Hewitt Drew-It! PHYSICS Screencasts
Linear Motion

8. Linear Motion Definitions

(Paul links central kinematic definitions and equations to Barry Biker.)

End Question: Suppose that Barry Biker, with his motor off, coasts down a hill from rest. He moves at a smooth, small, and constant acceleration. In 4 seconds he reaches a speed bump while moving at 12 m/s. What is the distance between his starting point and the speed bump he encounters? In short, how far does Barry travel in 4 seconds?

9. Bikes-and-Bee Problem

(Paul shows a simple solution to a classic problem involving the motion of a bee that flies to-and-fro between approaching bikes.)

End Question: If the two bikes traveled at twice the speed, 20 km/h, how many kilometers would the bee travel before being squished?

10. Unit Conversion

(Paul discusses unit conversion by means of cancellation, illustrated with a simple average-velocity problem featuring Fast Freda.)

End Question: If you closed your eyes for twice as long as 0.70 seconds, how much farther in distance would you travel at the same speed of 100 km/h. Defend your answer with an equation.

11. Velocity Vectors

(Paul extends a televised classroom lecture on vectors to explain the resultant velocities of airplanes in wind.)

End Question: Suppose our airplane with a normal ground speed of 100 km/h is caught in storm where it encounters a 90° crosswind also of 100-km/h.  How fast will the airplane travel across the ground below?
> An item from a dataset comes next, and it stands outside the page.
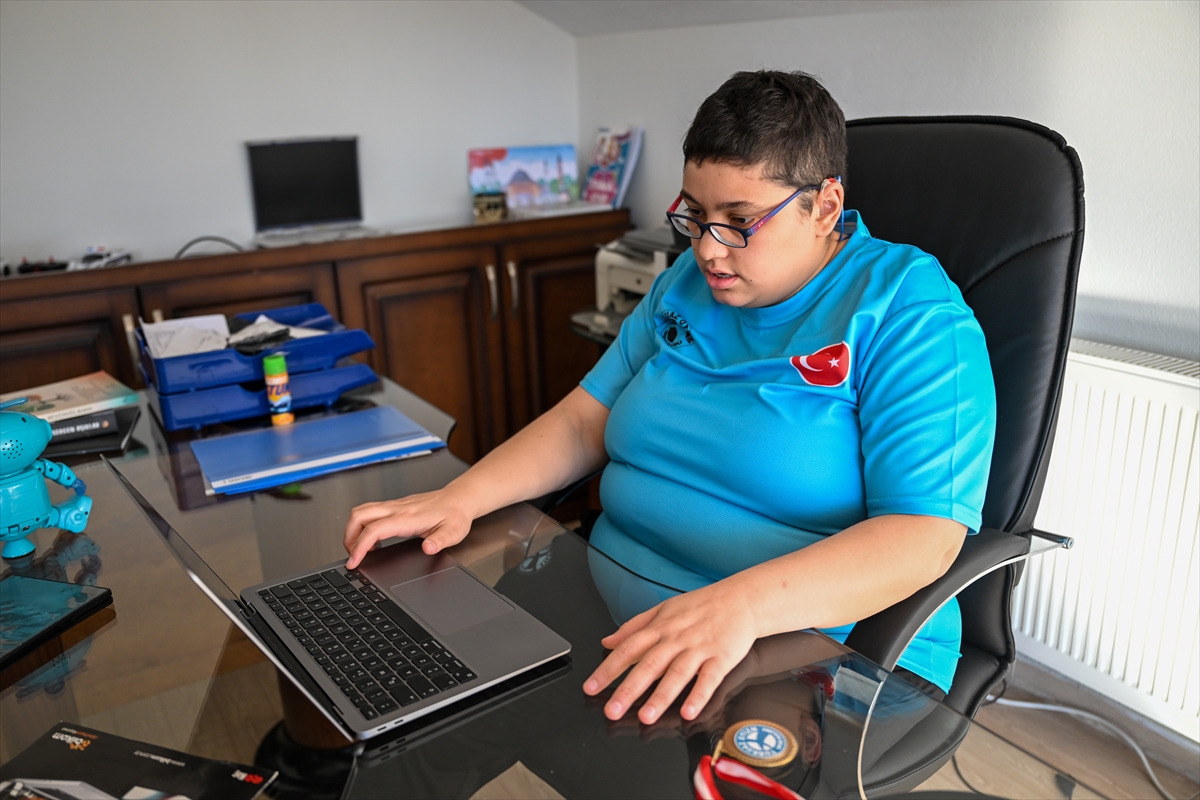 ADANA (AA) – Otizmli ve işitme engelli yüzücü İlayda Sayın,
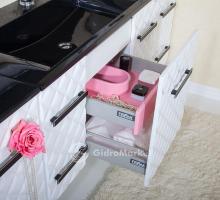 Фото товара Комплект мебели для ванной Бриклаер Жаклин 110 с черной раковиной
And another question: If the airplane changes course and flies directly into the 100 km/h wind, what will be its speed relative to the ground below?

12. Free Fall

(Paul investigates and develops free-fall equations as Phil Physiker drops a boulder, with a speedometer attached, from a high cliff.)

End Question: We’ve talked about free fall in a short four-second interval. Question 1) What will be the speed of the boulder when it has fallen for 5 seconds? 2) How far from the top will it have fallen in 5 seconds? 3) What will be its acceleration at the 5th second?